China National Offshore Oil Corp.'s Energy Economics Institute has predicted that Chinese gas imports will increase by 7% in 2023 compared to the current year. The state-owned company has already begun to secure LNG supplies for the following year, which puts it in direct competition with Europe for any extra shipments. This year, China's decrease in demand was equivalent to approximately 5% of the world's total supply.
China is not the only issue that Europe is facing. Other Asian nations are also taking steps to acquire more gas. Japan, which is the leading importer of LNG in the world this year, is thinking about creating a strategic reserve and the government is looking into subsidizing purchases.
The average price of European gas futures this year has been around €135 per megawatt-hour, with a peak of €345 in July. Jamie Rush, chief European economist at Bloomberg Economics, has warned that if prices go back up to €210, import costs could reach 5% of GDP, potentially pushing the shallow recession being forecast into a deep downturn. This could lead to governments having to scale back their programs in response.

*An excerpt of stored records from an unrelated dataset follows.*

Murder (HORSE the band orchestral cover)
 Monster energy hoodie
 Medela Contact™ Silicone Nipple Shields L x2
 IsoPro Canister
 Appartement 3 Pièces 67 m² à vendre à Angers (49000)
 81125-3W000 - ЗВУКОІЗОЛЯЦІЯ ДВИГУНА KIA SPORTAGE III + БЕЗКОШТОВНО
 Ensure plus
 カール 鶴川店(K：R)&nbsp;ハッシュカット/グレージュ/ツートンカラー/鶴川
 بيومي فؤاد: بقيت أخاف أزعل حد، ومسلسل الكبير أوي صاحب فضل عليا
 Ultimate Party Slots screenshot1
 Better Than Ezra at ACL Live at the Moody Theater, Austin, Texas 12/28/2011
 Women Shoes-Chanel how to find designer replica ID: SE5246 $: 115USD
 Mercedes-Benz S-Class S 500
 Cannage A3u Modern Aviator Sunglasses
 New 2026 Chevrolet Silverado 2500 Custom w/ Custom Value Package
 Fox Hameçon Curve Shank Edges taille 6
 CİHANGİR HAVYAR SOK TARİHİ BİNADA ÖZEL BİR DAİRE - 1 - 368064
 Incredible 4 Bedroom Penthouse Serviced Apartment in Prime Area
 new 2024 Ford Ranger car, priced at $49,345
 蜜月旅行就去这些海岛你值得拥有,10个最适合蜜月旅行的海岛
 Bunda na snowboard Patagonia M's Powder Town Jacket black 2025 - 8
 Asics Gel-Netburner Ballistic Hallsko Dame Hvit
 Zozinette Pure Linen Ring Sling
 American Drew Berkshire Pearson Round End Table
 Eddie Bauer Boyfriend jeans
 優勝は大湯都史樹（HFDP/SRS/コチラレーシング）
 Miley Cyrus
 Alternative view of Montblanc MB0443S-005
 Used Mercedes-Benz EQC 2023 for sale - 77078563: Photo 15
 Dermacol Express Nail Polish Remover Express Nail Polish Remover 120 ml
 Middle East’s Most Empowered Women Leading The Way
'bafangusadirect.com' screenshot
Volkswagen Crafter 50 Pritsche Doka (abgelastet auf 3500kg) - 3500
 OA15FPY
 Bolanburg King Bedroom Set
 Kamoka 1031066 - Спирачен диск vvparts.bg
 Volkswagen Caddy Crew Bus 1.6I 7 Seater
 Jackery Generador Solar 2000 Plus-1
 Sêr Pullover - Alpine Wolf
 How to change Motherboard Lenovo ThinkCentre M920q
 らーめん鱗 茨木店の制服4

Piet Christiansen, chief strategist at Danske Bank A/S, stated that the type of assistance provided will shift from a comprehensive, immediate approach to more specific measures. He added that the amount of aid will be reduced, but it will still be available during this transition.
This year, German households may be faced with the possibility of paying double the amount for energy.
An appraisal based on suggestions from Germany's Gas Commission has been made.
Germany, which relies on cost-effective energy to manufacture items ranging from cars to chemicals, is at a disadvantage when it comes to competing with the US and China due to high energy costs. This puts pressure on Chancellor Olaf Scholz's government to continue providing economic assistance.
Isabella Weber, an economist from the University of Massachusetts Amherst and the creator of Germany's gas price break, has stated that due to the potential political and social effects of the energy cost surge and its impact on the German economy, it is essential for the German government to intervene.
Maintaining a balance between providing energy to factories and homes in the present and investing in renewable energy sources for the future is a difficult task. Renewable energy is seen as the most viable solution to the energy crisis.
Veronika Grimm, an economic adviser to the German government, emphasized the importance of making the energy transition happen in order to overcome the crisis. She stated that a major expansion of renewable energy sources is necessary.